Minggu, 08 Juni 2014

PERJUANGAN RAKYAT KERINCI DIPIMPIN DEPATI PARBO (BAGIAN 6)



 Fatimah Jura Wanita Pemberani dari Pulau Tengah
Sejarawan dan Budayawan alam Kerinci, Iskandar Zakaria dan Hj. Aida Rosnan, BA dalam wawancara dengan penulis (2/3/2012 & 7/3/2012) mengemukakan  jika di Lolo wilayah Gunung Raya kita mengenal Srikandi Hajjah Fatimah yang berani mati dalam perjuangan di wilayah Dusun Lolo Gunung Raya, Kerinci juga memiliki seorang sosok wanita pemberani lainnya. Catatan dan keterangan yang penulis himpun mengungkapkan pada peristiwa pertempuran yang terjadi di Pulau Tengah, seorang wanita pemberani dari Pulau Tengah bernama “Fatimah Jura” dengan sekuat tenaga dan semangat yang menyala ia mempertahankan negerinya. Sebagai “Panglima Perang Wanita“ Fatimah Jura tanpa mengenal rasa takut dan dengan taktik strategi yang sempurna ia menyerang pasukan serdadu Belanda. Beberapa serdadu belanda termasuk seorang Letnan Belanda berhasil di bunuh dengan sebilah keris di tangannya. Melihat seorang perwiranya tewas, para serdadu Belanda meningkatkan serangannya secara membabi buta, tanpa rasa prikemanusiaan serdadu Belanda membakar Dusun Baru Pulau Tengah, dan pada saat itu kondisi pertempuran di Dusun Koto Tuo PulauTengah sedang berkecamuk, para pejuang dengan gigih melakukan perlawanan. Pada saat pertempuran meletus, dan Dusun baru dibakar oleh serdadu Belanda, Srikandi Fatimah Jura mengamuk, dan tanpa ampun menyerang musuh.
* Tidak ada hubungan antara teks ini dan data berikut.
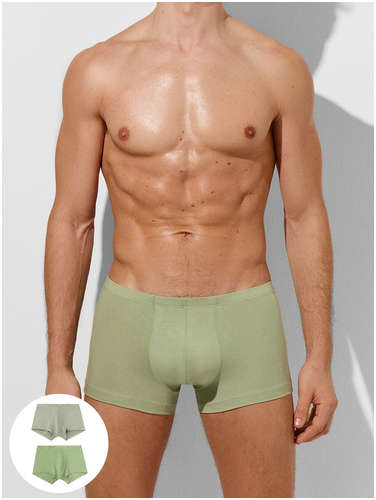 Трусы мужские (2шт) Mark Formelle 103231284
Srikandi Fatimah Jura dengan sengit memimpin para wanita pejuang lainnya, di tengah - tengah kobaran api dan asap hitam yang mengepul membubung ke angkasa, dari rumah ke rumah  Fatimah Jura memerintahkan kepada laskar pejuang untuk tidak menyerah, bagi Fatimah Jura dalam peperangan hanya ada satu kata “mati sebagai syuhada”. Kemarahan Fatimah Jura semakin memuncak saat ratusan wanita, anak anak  dan orang tua tua yang berlindung di lubang perlindungan hangus terbakar oleh api yang membara, pekikan dan tangisan yang sangat memilukan membuat hati Fatimah Jura semakin mendidih. Pada saat kebakaran para korban tak dapat diselematkan karena sedang terjadi pertempuran sengit antara pejuang dengan serdadu Belanda.
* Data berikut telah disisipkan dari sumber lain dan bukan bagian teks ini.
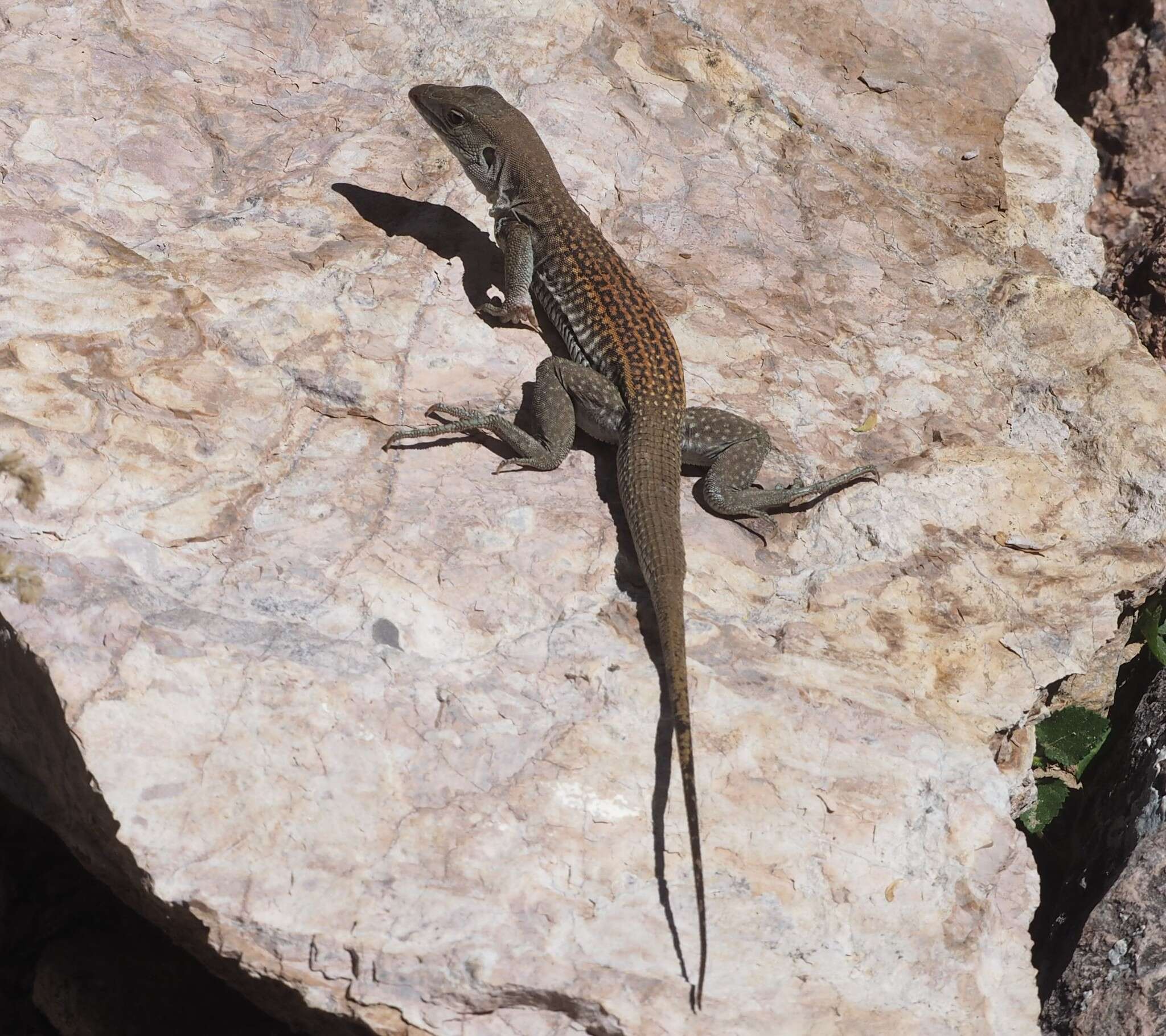 Sivun Aspidoscelis xanthonotus (Duellman & Lowe 1953) kuva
Meski pertempuran seru yang menelan korban jiwa ratusan orang dari pihak Pejuang dan masyarakat Pulau Tengah dan Srikandi Fatimah Jura telah gugur ditembak peluru Belanda, namun  pejuang  dan Panglima Perang  Haji Ismail tetap tidak mau menyerah termasuk beberapa orang Hulubalang-Hulubalang lainnya, para pejuang itu termasuk H. Ismail bersembunyi dari satu rumah ke rumah penduduk lainnya di Dusun Koto Dian, beberapa puluh orang rakyat Pulau Tengah ditangkap dan disiksa Belanda karena mereka tidak bersedia menunjukkan tempat persembunyian para Pejuang termasuk H.Ismail. Seorang Pejuang lainnya H. Sultan dapat diketahui oleh Belanda, saat dikepung oleh Belanda pada salah  satu rumah persembunyiannya, serdau Belanda berusaha untuk menangkap H. Sultan, dengan keris di tangan, H.Sultan Melompat ke luar rumah dan dengan keris terhunus dengan “berselempang semangat”  H. Sultan menyerang serdadu serdadu Belanda, dengan  semangt yang menyala nyala H. Sultan berhasil membunuh para serdadu Belanda, dan iapun akhirnya ikut  gugur ditembak Serdadu Belanda.
Pencarian H. Ismail terus berlanjut, dan  pihak Belanda secara fisik tidak mengenal wajah  H. Ismail, dan rakyat dengan segala resiko yang akan terjadi tetap bertekad untuk melindungi H. Ismail dan tidak akan pernah menunjukkan tempat persembunyian H. Ismail, bahkan beberapa orang hulubalang dengan tegas mengabarkan bahwa H. Ismail telah tewas pada saat Dusun Baru menjadi lautan api, mendengar kabar H. Ismail telah tewas barulah Belanda mengurangi aksi sapu bersih dan mengurang serangan terhadap pejuang, beberapa masyarakat yang mengetahui H. Ismail masih hidup meminta agar H. Ismail turun gunung tidak bergerilya, dan di dusun H. Ismail berubah nama menjadi Haji Abdul Samad, dan sampai beliau wafat pada tahun 1925 pihak Belanda tidak pernah tahu bahwa H. Abdul Samad, sebenarnya adalah H. Ismail yang mereka cari cari selama ini. 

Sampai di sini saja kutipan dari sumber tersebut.